Road widening plans outlined

Road widening plans outlined

Road widening plans outlined

The Transport Secretary has announced an extensive programme of road widening, which includes the addition of a fourth lane to many sections of the M25.

Delivering a statement to the Commons today, Alistair Darling unveiled a significant number of road improvement schemes.

These include a pilot to allow the use of the M42 hard shoulder during peak hours and various other projects along parts of the M60, M1, M62, M18, M27, M25, A19 and A12.

Environmental groups have expressed deep concern at the plans, which they warn will do nothing in the long term to cut down on traffic congestion on UK motorways.

But road organisations have welcomed the measures, insisting on the need to expand capacity.

Addressing MPs this lunchtime, Mr Darling also announced expansion schemes on a number of roads including the A12, M11, M62, A1(M) and M18.

Crucially, most of the remaining three-lane sections of the M25 are to be widened to four lanes, and the M1 will also be widened to four lanes between the M25 and Milton Keynes.

However, the Secretary of State rejected a number of proposals that he said would have damaged beautiful or sensitive areas, such as the Arundel Bypass and the Worthing Tunnel. He said that he is seeking alternative solutions from the Highways Agency for these.

In respect of public transport, the Secretary of State insisted that much work was already underway, promising that £33bn would be invested in rail over the next ten years.

More money would be given to local authorities to improve local transport, and in particular £1bn over the next seven years would be available for improvements to local transport in the West Midlands, Mr Darling said.

And he confirmed that in the next four years all lorries using UK roads would have to pay charges in an attempt to encourage them off the roads at peak times.

However, a reduction in fuel duty would mean that hauliers would not lose out.

Further, the Secretary of State said that ‘now is the right time’ to examine how making use of modern technology could improve use of road space in the future.

‘In the next 4 years, we’ll be introducing charging for all lorries using UK roads based on the distance they travel.

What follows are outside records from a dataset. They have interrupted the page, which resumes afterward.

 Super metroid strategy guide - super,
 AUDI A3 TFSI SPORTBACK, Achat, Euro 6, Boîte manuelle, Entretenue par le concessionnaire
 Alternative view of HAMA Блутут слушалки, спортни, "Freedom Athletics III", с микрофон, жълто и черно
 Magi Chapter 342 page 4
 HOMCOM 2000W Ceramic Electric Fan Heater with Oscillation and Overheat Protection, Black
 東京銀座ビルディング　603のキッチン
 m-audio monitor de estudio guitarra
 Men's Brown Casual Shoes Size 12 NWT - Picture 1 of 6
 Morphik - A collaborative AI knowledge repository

Accompanied by a reduction in fuel duty, overall the UK haulage industry won’t pay more. And this would allow us in the future for example, by varying charges, to encourage lorries to use motorways at off peak times’, the cabinet minister stated.

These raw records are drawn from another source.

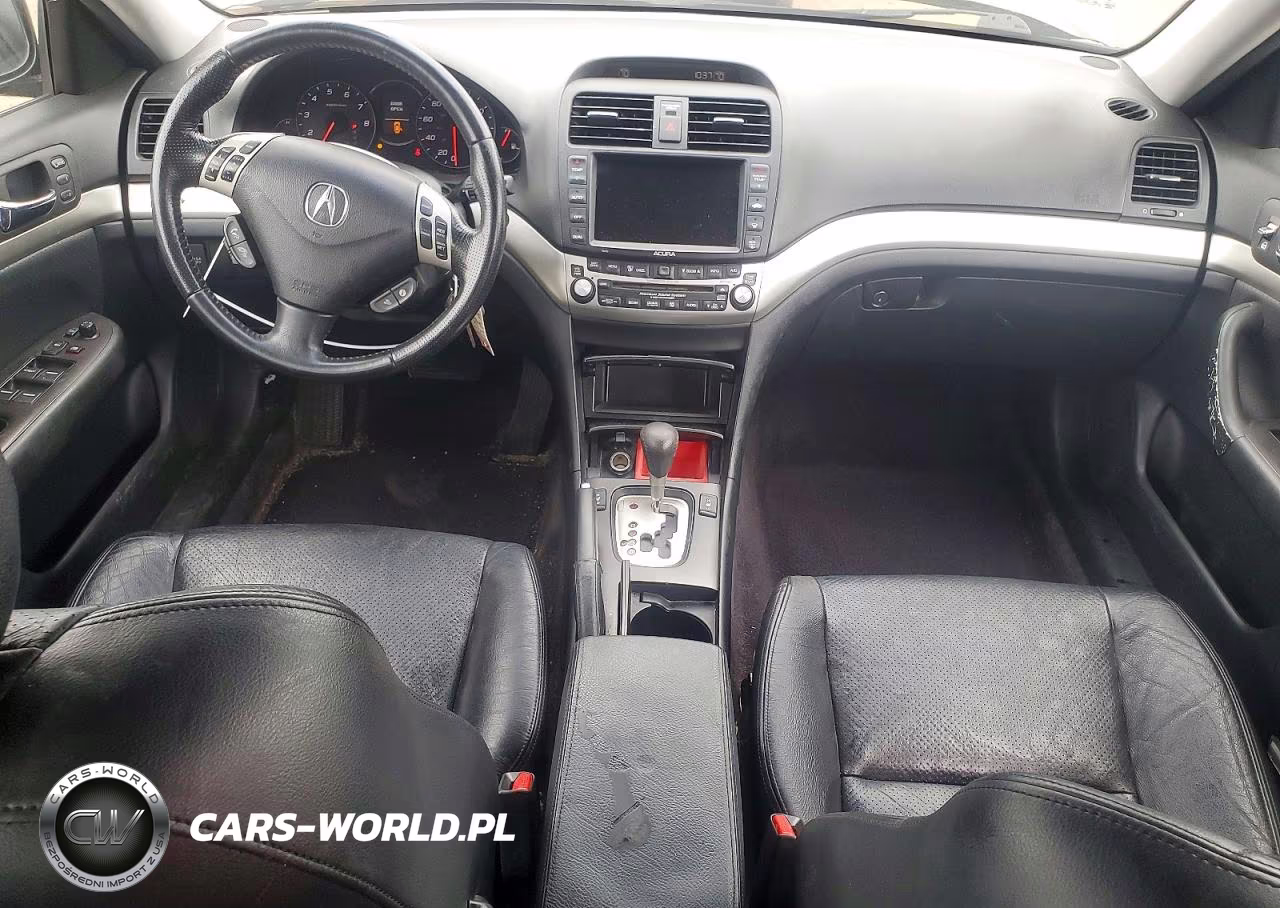 2006 Acura Tsx VIN:JH4CL969X6C003735 - 8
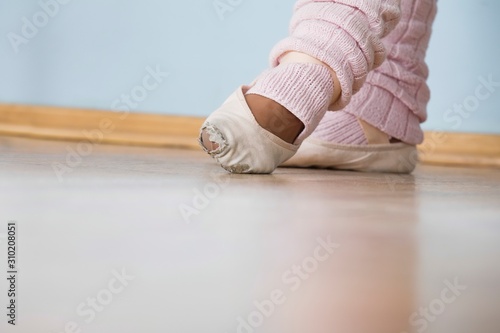 Feet Of Female Ballerina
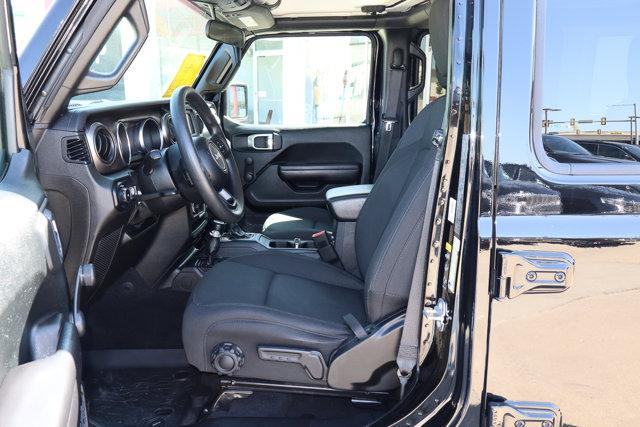 used 2021 Jeep Wrangler Unlimited car, priced at $29,488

‘But clearly there’s a world of difference between a scheme for 430,000 lorries and one for 26 million cars. No country in the world has done anything on such a scale before. And technically this is an entirely different proposition to congestion charging in London, for example, where a charge is paid to drive within a boundary.

‘There are many issues that need to be addressed – such as the protection of privacy and whether such a scheme could work technically. Which is why the time has come to set up a feasibility study to investigate these issues in detail’.

Speaking ahead of the announcement, Friends of the Earth denounced the expected measures on road widening as ‘sticking plaster solutions’.

Spokesman Roger Higman said that plans to widen key UK motorways would do little more than offer temporary relief in the battle against congestion.

And Mr Higman called for a greater push on road charging schemes in order to cut down on unnecessary car use.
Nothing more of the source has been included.